#### Data for the task
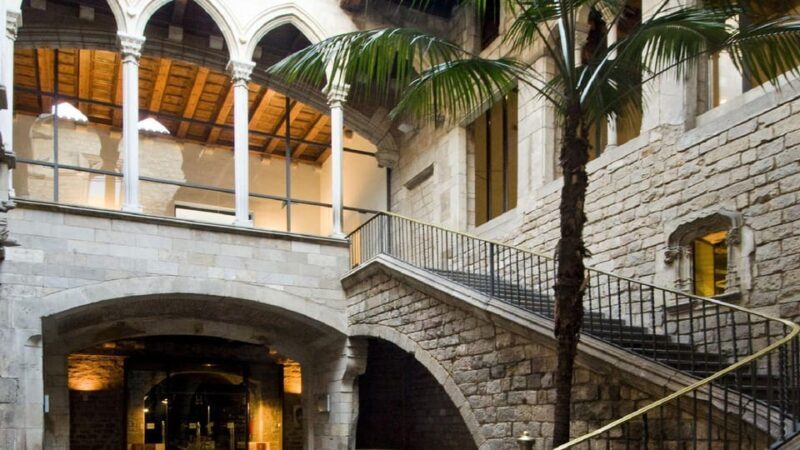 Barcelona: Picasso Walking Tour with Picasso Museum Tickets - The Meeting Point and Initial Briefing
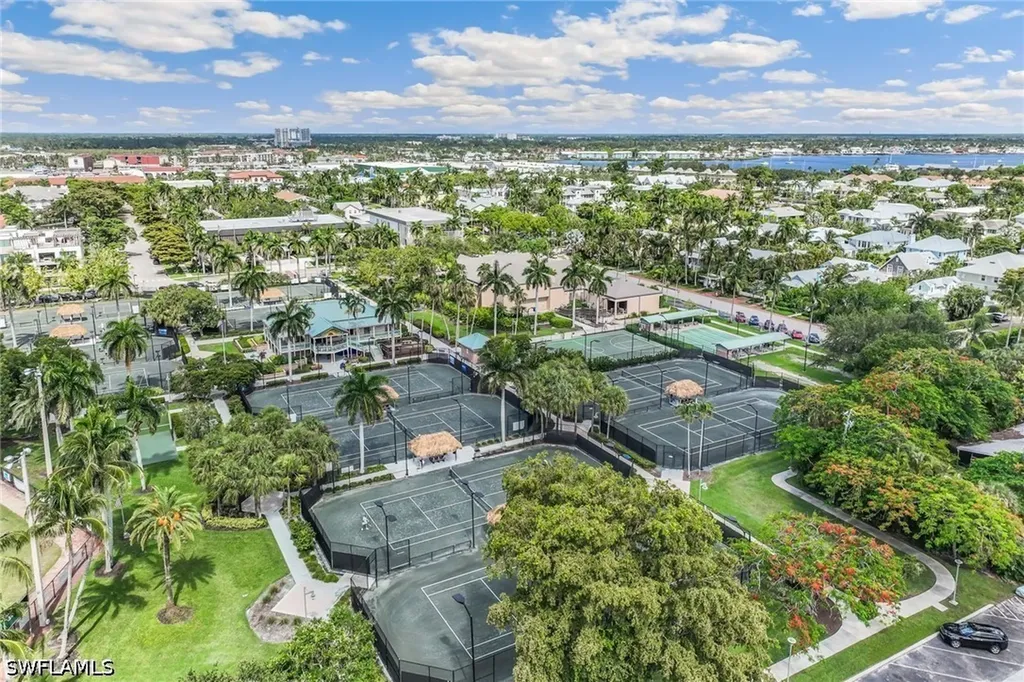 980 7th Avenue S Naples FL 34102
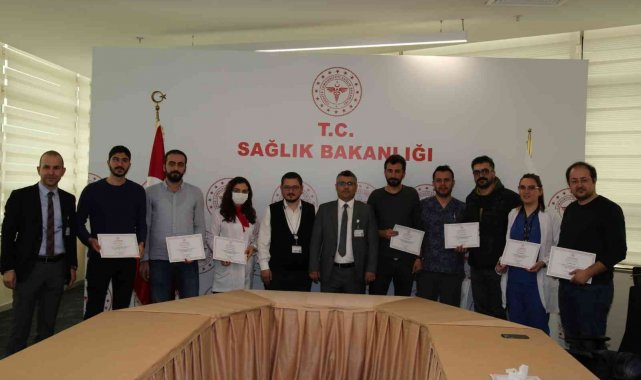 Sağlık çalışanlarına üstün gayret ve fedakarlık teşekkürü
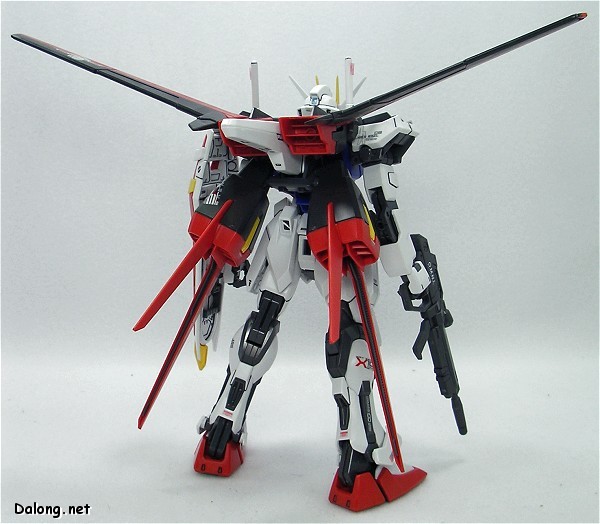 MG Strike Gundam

==

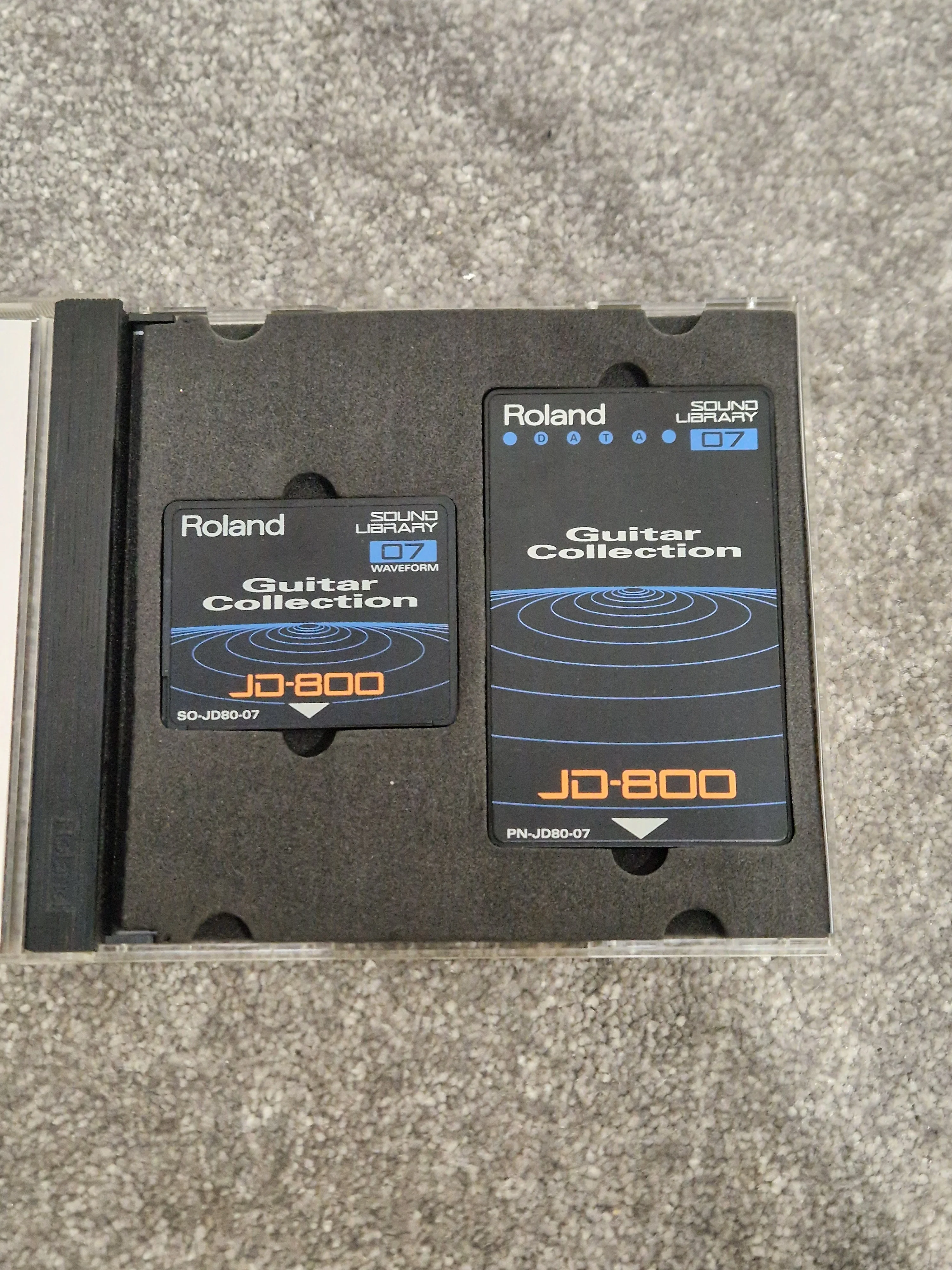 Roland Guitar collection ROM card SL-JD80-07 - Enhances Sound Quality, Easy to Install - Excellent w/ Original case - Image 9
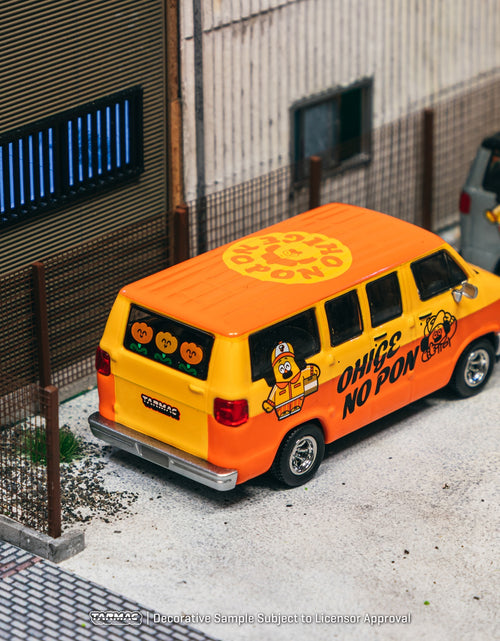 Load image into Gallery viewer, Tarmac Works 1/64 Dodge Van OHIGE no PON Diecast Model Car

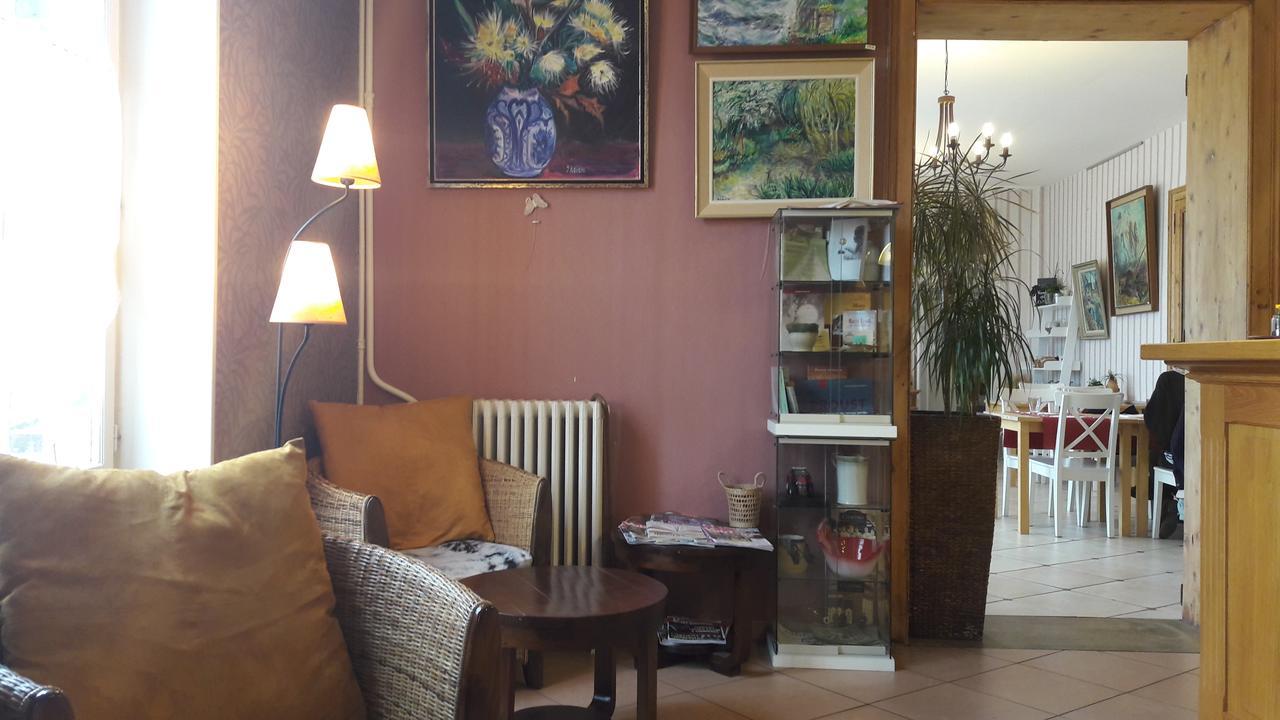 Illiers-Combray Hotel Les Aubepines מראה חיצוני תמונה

#### What needs to be done
Transcribe exactly the lines above, beginning at the one with "Barcelona: Picasso Walking" and going up to and including the one with "MG Strike Gundam". Pictures do not belong in the copy.

#### Written response
 Barcelona: Picasso Walking Tour with Picasso Museum Tickets - The Meeting Point and Initial Briefing
 980 7th Avenue S Naples FL 34102
 Sağlık çalışanlarına üstün gayret ve fedakarlık teşekkürü
 MG Strike Gundam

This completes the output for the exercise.